# Omg i can't believe it! Soo excited!



## tokala (Feb 20, 2011)

*Omg I can't believe it! Soo excited!*

Well, most of you have been holding my hand and walking me through my first betta experience with Siku (in my avatar)- a rescue from a horrible "pet store".

Well, my boyfriend Zeb works for the government and has been in Afghanistan/Pakistan for the last 9 weeks (and gets home tomorrow! , so has not been home to enjoy my new betta obsession. He has however gotten a kick out of it through emails and phone calls. Well, I had sent him a picture of a fish I saw on AB a while back just to show him how beautiful some of them are and how some day I may want one. He was red and black and silver. 

WELL he just informed me that this handsome man in the attached pictures is all mine and coming to my little house in Colorado all the way from Bangkok! He is beyond stunning!!! He is 10x more beautiful than the fish I fist admired weeks ago!!! I am already soooo in love <3 My favorite color scheme. 

I am a bit nervous about this whole shipping thing though. I feel like I am still learning so much about these little guys. I guess you can all expect a LOT more questions in the near future!! I dont know when he will be arriving yet, Zeb just bought him this afternoon!


----------



## vilmarisv (Apr 17, 2010)

What an awesome suprise!!! Congrats on the new kid...I love his coloring!


----------



## monroe0704 (Nov 17, 2010)

Love the leopard spots! Don't worry about shipping  I've gotten over 10 fish from Thailand and none have been DOA! As long as you slowly introduce him to your water conditions (over a period of many hours) then he'll be fine. I'm excited to see pics when he arrives!


----------



## tokala (Feb 20, 2011)

@vilmarisv: Thank you, this is such an exciting surprise!
@Monroe: I love his spots too! Looks like a snow leopard or pheasant feather! I have never seen anything like it before. Thanks for the heads up on shipping. I feel better to know you have done it so much with out a hitch. 

Here is his video: http://www.youtube.com/watch?v=sE4RSCSr8m8&feature=player_embedded


----------



## denaliwind (Feb 27, 2011)

OMG!!!! That is the greatest thing ever!

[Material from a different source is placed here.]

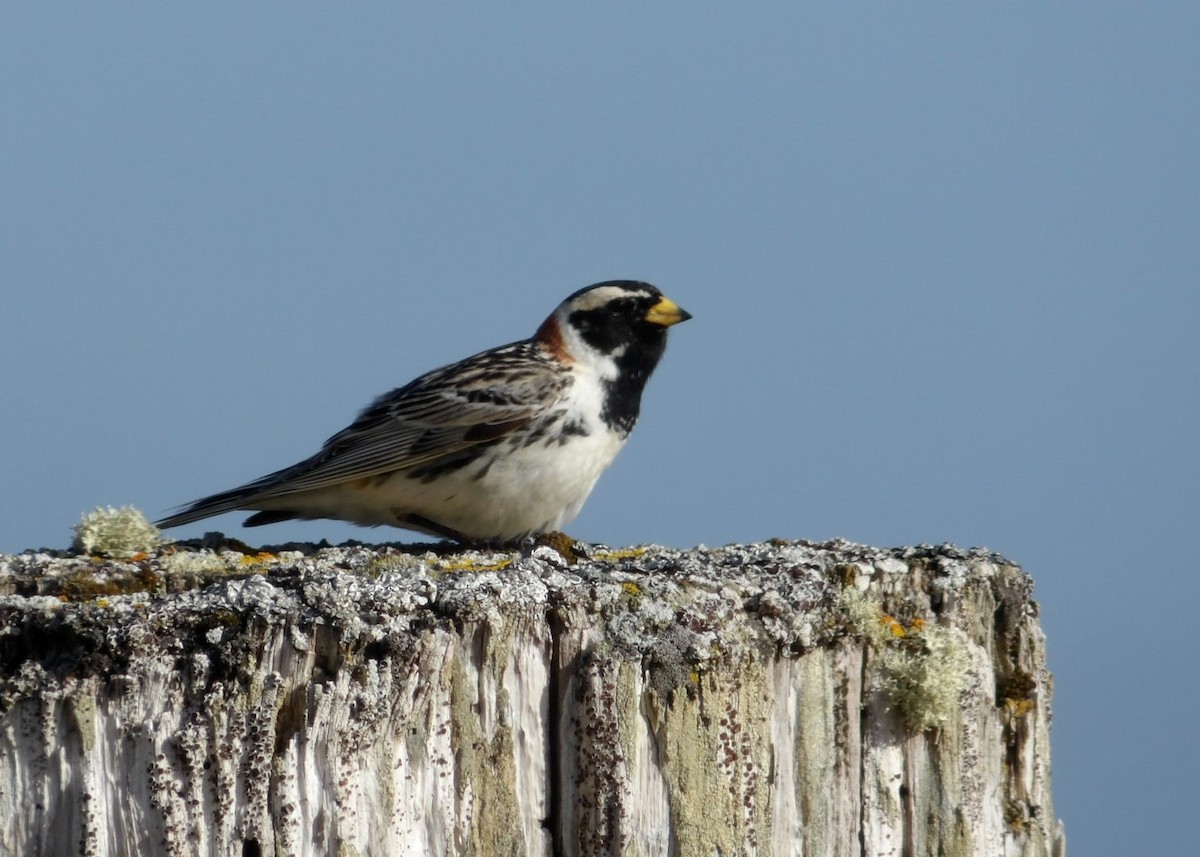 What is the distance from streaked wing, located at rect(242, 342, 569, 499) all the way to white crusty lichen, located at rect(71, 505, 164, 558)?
1.79 m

He's absolutely stunning, a hands down "WOW." I think that's so awesome of your BF, he deserves a cookie for sure. hehe


----------



## Sweeda88 (Dec 6, 2010)

OMG!!! I AM DYING FROM THE FRECKLYNESS! AAAAAAAAAAAHHHHHHH!!!! SO FREAKIN' PRETTYYYYYYYYYYYYY!!!! Can you tell I like him, or was I too subtle?


----------



## gmd1800 (Feb 19, 2011)

Love the gorgeous boy! Better not let me get anywhere near him. 

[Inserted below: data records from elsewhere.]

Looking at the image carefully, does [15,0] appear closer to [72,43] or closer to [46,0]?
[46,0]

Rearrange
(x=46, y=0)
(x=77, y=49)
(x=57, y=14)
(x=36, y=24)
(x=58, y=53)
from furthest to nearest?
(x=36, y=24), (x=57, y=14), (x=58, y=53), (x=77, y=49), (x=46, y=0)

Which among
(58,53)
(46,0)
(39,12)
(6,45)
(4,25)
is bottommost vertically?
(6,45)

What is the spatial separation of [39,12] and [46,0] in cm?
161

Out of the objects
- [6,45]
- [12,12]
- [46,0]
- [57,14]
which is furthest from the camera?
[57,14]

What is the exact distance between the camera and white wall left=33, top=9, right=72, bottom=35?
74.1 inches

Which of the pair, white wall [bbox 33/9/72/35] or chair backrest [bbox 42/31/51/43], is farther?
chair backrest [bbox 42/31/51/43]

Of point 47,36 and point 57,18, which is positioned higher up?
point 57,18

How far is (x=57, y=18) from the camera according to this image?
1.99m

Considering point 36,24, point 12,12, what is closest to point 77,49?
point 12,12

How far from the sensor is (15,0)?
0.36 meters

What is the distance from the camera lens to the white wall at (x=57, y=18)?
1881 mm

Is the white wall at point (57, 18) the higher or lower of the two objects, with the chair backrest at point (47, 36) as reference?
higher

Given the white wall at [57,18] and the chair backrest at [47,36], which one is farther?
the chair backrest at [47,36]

And your boyfriend is a keeper! That's such a fantastic thing for him to do!


----------



## tokala (Feb 20, 2011)

Hahaha, I love that you all are as enthusiastic about his adorable freckles as I am! :-D. I just love everything about this guy. Period. Oh yea and I guess the boyfriend isn't too bad either


----------



## Sweeda88 (Dec 6, 2010)

I would kill to have that beautiful fish. HE IS SO PRETTY I CAN'T STAND IT!!! If you find him gone one day, I didn't steal him... nope, wasn't me. Definitely wasn't a henchman I hired. Nope, no way...


----------



## tokala (Feb 20, 2011)

LOL!!! Based off of a few of the comments I don't think you would be the only culprit  And I can't say I could blame you either- I would do the same! Hehe. Well, in case you just really love him and happen to be shopping AB, he came from "bettaakapes" and his color was listed as "Black Dragon RED FIRE HM MALE" I checked out this breeders website and he had one other listed that looked just like him but even BIGGER that had just be sold. Maybe there will be more and we could have twins  ha!


----------



## Sweeda88 (Dec 6, 2010)

I don't have any funds to get a fish right now, but I'll keep that in mind. =) Besides, I want an orange or bright yellow Betta next.


----------



## carzz (Mar 8, 2011)

This betta? It's epic.


----------



## Bettaluver4evr (Jan 21, 2011)

Oh my goodness Tokala, that is brilliant! That betta is absolutely gorgeous!  What a fabulous boyfriend!  Wow, you are so lucky!  That betta is gorgeous.  So happy for you! Can't wait to see him in his new fabulous home!


----------



## tokala (Feb 20, 2011)

Thank you thank you everyone! I just asked my 4 year old niece what we should name him and she said he looks like a "devil fish" haha...I thought that was a little tooooo edgy, so we settled for "Diablo". Hope it isn't a prediction of his character!


----------



## SillyFinn (Mar 12, 2011)

Wowzer! That is a looker of a Betta right there!! I never knew they could be so intricately patterned and stunning!!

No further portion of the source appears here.